I’m back. And I thought to myself, “What’s a better way to come back home than to get my non-existent boobs squashed and flattened in a machine?”
So I went to have a mammogram. It was lovely. Thank you for asking.
It also sort of took me down from my high of Viva Las Vegas. I’ve been to Vegas a lot in my life, was even MARRIED IN VEGAS, (yes, that’s right, to my mother’s horror) but this is the first time that I went for reasons other than gambling, seeing a show, hanging by the pool, or getting hitched.
I went solely for the purpose of meeting people that I do not know in real life with the intent of becoming their best friend.
And I did just that. 🙂
I feel like I could write one post a day for the next five to seven days about my 48(ish) hour trip and not run out of things to tell you.
So, with that in mind, I’m just going to start with day one.
My hubby, Hadar, her boyfriend, and I went together. I had mixed feelings about bringing my hubs. I love the guy and all that, but I didn’t want to
babysit take care of pay much attention to worry about the possibility of him not having as much fun as me. In hindsight, I’m really glad he was there because he carried my heavy backpack and always got us back to our room and from place to place. I do not have a good sense of direction.
We checked in at The Venetian. Yes, that’s right. THE VENETIAN. Can you say Absolutely Amazing Room that I would not be able to afford on a weekend?

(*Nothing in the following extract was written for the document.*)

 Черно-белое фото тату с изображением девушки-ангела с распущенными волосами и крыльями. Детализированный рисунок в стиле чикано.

I could have lived in that room. Like, for my house. It had a sunken living room complete with a sectional couch and a little mini-office with a PRINTER. I could get ten copies for FREE. Believe me, I was wishing I had some cardstock to start printing up some classroom decor.

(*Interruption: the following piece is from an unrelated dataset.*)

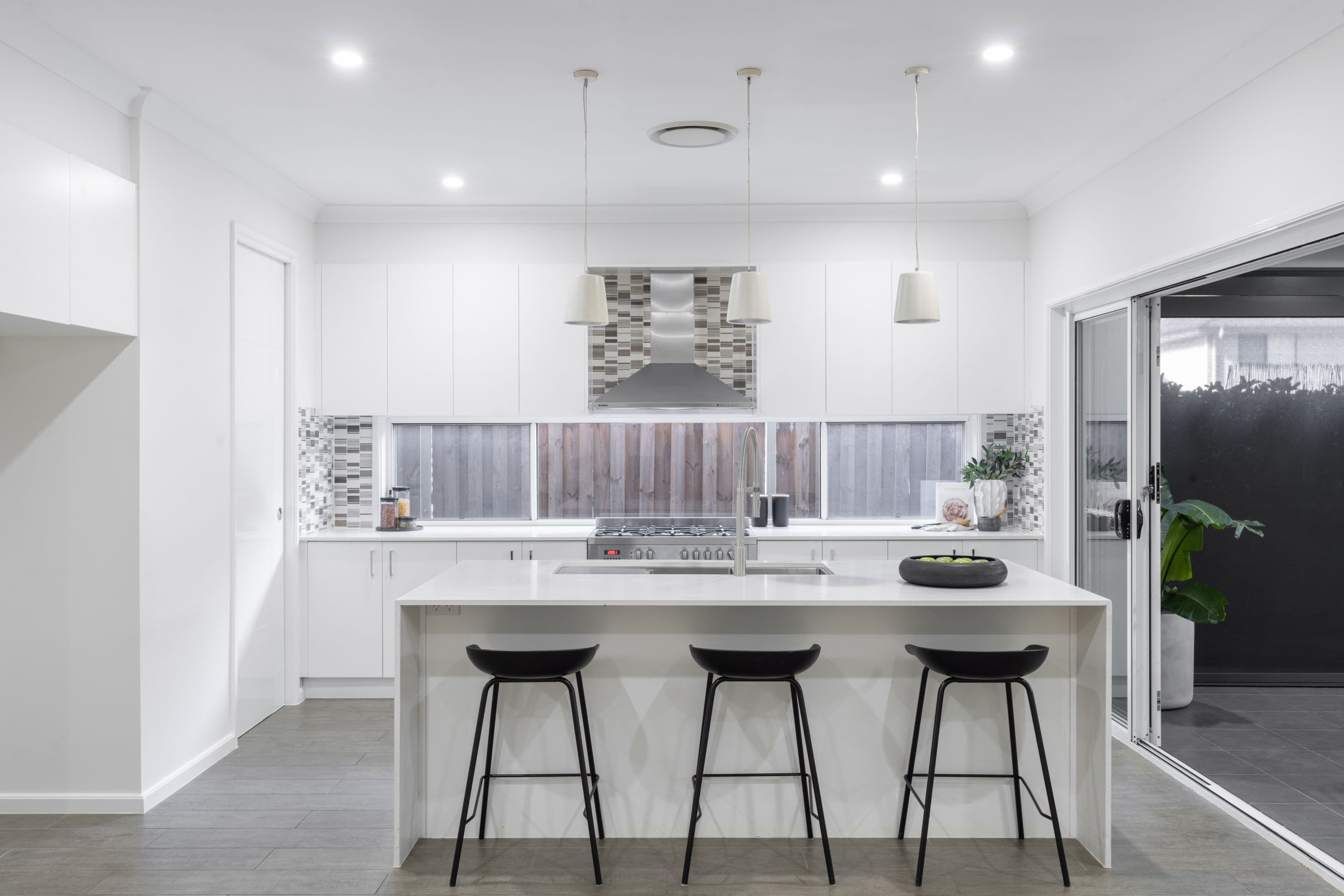12 Louvain Road, Edmondson Park NSW 2174, Edmondson Park - Thumbnail 3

The bathroom? TWO SINKS. Separate tub and shower. TV. And a little makeup chair and table that had the coolest makeup mirror ever. I meant to take a picture, but the time that I was all set to do it, my hubby was in the shower. And he was in the mirror. All over the place. There were a lot of mirrors. And no matter what I did, I couldn’t get him out of the picture. So to spare you (and him), I thought I’d take the pic later. And then I forgot. Of course. This is one of the reasons I was afraid to bring him. Obviously.

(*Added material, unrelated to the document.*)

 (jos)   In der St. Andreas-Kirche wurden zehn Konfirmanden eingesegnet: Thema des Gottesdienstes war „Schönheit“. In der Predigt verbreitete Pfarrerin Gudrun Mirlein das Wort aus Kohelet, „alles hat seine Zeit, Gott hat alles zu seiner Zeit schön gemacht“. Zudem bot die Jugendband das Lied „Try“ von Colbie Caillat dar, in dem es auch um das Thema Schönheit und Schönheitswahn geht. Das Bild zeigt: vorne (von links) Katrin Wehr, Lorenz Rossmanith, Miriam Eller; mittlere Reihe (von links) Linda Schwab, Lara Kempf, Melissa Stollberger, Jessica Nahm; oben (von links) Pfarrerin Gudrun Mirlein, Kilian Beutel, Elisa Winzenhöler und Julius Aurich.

This makeup mirror was one of those magnified ones and it had four settings with a little light. Evening, Office, Day, and Home. Each setting had a different level of light. Do you have one of these??? I must get one now. Besides looking at my eyeball so up close and personal and pretending I was an optometrist (A? Or B? 1? Or 2?), I LOVED that thing and feel that I must now have one. The setting for Office didn’t work. This made me feel very happy as if it knew I was on summer vacation and did not need to fix my face for school. I’m still confused about the Home setting.
Do you wear makeup around your home? I do, but it’s more of the sleepy dirt and zit cream variety so I didn’t get the Home setting whatsoever at all.
Anywho, as you can tell, I’ve written almost an entire blog post on just checking into our hotel . . .
We went to Gordon Ramsay’s restaurant inside of Caesar’s Palace for Happy Hour and appetizers. We ate the most delicious truffle french fries in some sort of mayo/horseradish/can’t believe I would like it dipping sauce that was to die for!
Then Hadar’s newish blogging buddy, Christi from Crayons and Whimsy joined us. I was not jealous. Really. I wasn’t. Because I promptly made Christi my new blogging buddy, too.
Christi is fascinating because she basically lived the life of The Holiday as Cameron Diaz with a little bit of a twist as a teacher. Seriously. I’m not kidding. You can read all about it on this blog post, but she really and truly traded houses and jobs with an English (from ENGLAND) teacher. I know! And that’s also sort of-kind of how she met her husband who is from IRELAND. As in, Irish. As in, the most adorable accent, even if it’s hard to understand at times. But he came, too, so the boys became fast friends and let us girls talk about glue sticks and rugs and schedules and decor and stinkers and recess duty and high heels and uggs and flip flops.
We went to dinner at an Italian place that was recommended by our taxi driver . . . annnnnnd, turns out, we should have stayed at Gordon Ramsay’s but what are you going to do? We ate the garlic bread anyway and drank the bottomless house wine. I mean, sometimes you just have to live with disappointment, don’t ya know.